生物通报道，麻省理工生物学系，哈佛-麻省理工联合卫生科学与技术实验室，瑞典卡罗琳斯卡医学院细胞和分子生物学系，Illumina公司，白头生物医学研究所，国立基因组研究中心的科学家近期解开了mRNA在不同组织中的选择性剪接差异之谜，相关的文章发表在11月2日Nature online版上。

生物学家发现，几乎所有的基因都不止表达一种mRNA，结果表达不同的蛋白。而完成这一过程的是生物体内的选择性剪接机制。因此，同一个基因可产生不同的mRNA，不同的蛋白亚型，这些蛋白可能功能相似也可能功能相左。

研究者对15种不同的组织和细胞系的转录过程进行了深入的分析，获得了mRNA和表达的详细数据单。结果表明，在基因组的exon-exon的结合处，92%-94%都经历过选择性剪接。通过选择性剪接，表达出不同的mRNA和蛋白。

选择性剪接可能导致表达出的蛋白具有相反的功能，比如说，某个基因经过选择性剪接后表达两种蛋白亚型，一种可激活细胞凋亡路径，而一种则抑制细胞凋亡促进细胞增殖。

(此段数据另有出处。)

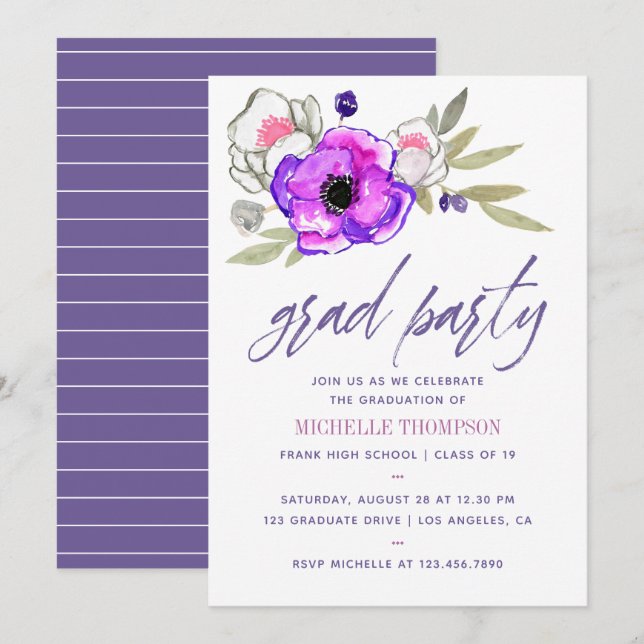 Watercolor floral Graduation Party Invitation (Front/Back)
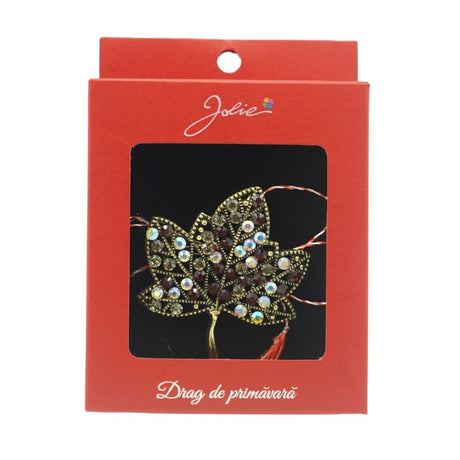 Brosa Vintage in Cutie Frunza de Artar - vivimall.ro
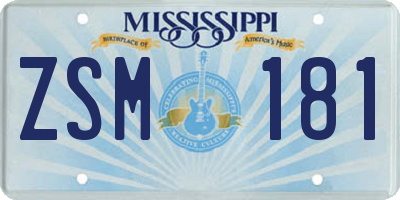 MS license plate ZSM181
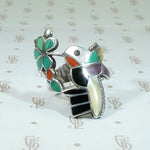 Hummingbird in the Hand Gem Inlay Ring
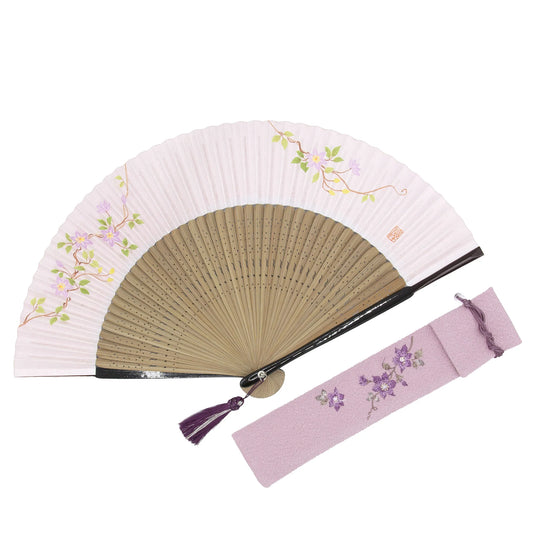 Kyo-sensu (Japanese folding fan) for Women - Clematis - , Made in Kyoto, Japan, Kyoto sensu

有趣的是，不同的剪接可能源自不同的组织，在不同的组织中基因的选择性剪接作用发生改变。比如说，某种剪接形式在心脏组织中很常见，但是在脑组织中却很罕见，为了适应不同组织的不同功能，基因的表达通过选择性剪接来调控。甚至，在癌细胞中也存在选择性剪接，这些选择性剪接异于正常细胞的选择性剪接。

最终研究者得出结论，选择性剪接、多腺苷酸化等调节过程因组织而异，通过协调调节，表达出适合组织的蛋白。因此，在不同的组织里可能存在一种组织特异的特殊因子，调节组织内的剪接和多腺苷酸化工程。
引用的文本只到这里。